Garreau's most famous work is Edge City, where he argues that American urban life is undergoing its most major transformation since the Industrial Revolution. Garreau argues that the dominance of the central downtown is ostensibly over. Instead, people would rather live in "edge cities." Edge Cities are basically suburbs, only better. Rather than mere bedroom communities, these are suburbs where people work (due to the relocation of industry and major corporate offices outside of central business districts) *and* seek entertainment (quality movie theaters, restaurants, and bookstores are more and more common in these places). Ideally, the edge city is a unity - or series of units - that is pastoral, but still an engine of production and provides quality culture.

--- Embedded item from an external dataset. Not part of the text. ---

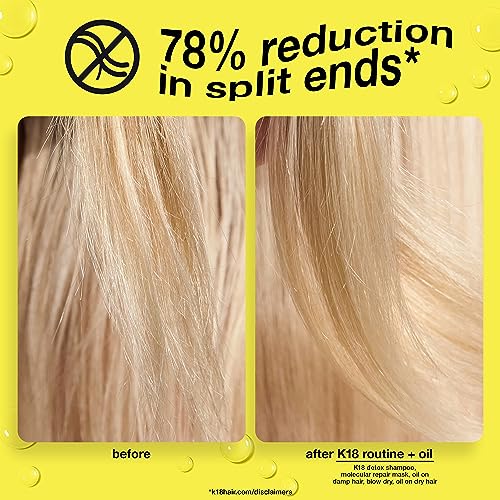 K18 Molecular Repair Hair Oil, Weightless Oil for Stronger, Healthier Hair, Suitable For All Hair Types 0.34 Count (Pack of 1)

So far, none of this is really bad or wrong. Suburbs get a bad wrap. bredoteau may remember a discussion we had where I suggested that film portrayals of suburbs as inherently and always oppressive was banal. I stand by that still. I think people should be able to choose where they live, and I think that people do enjoy living in more "natural" environments. It's pretty; you can spread out and breathe. It's *good.* And, it can be done well - it seems possible to imagine people living in suburbs in "the country" that change, without wholly pillaging, the surrounding environment.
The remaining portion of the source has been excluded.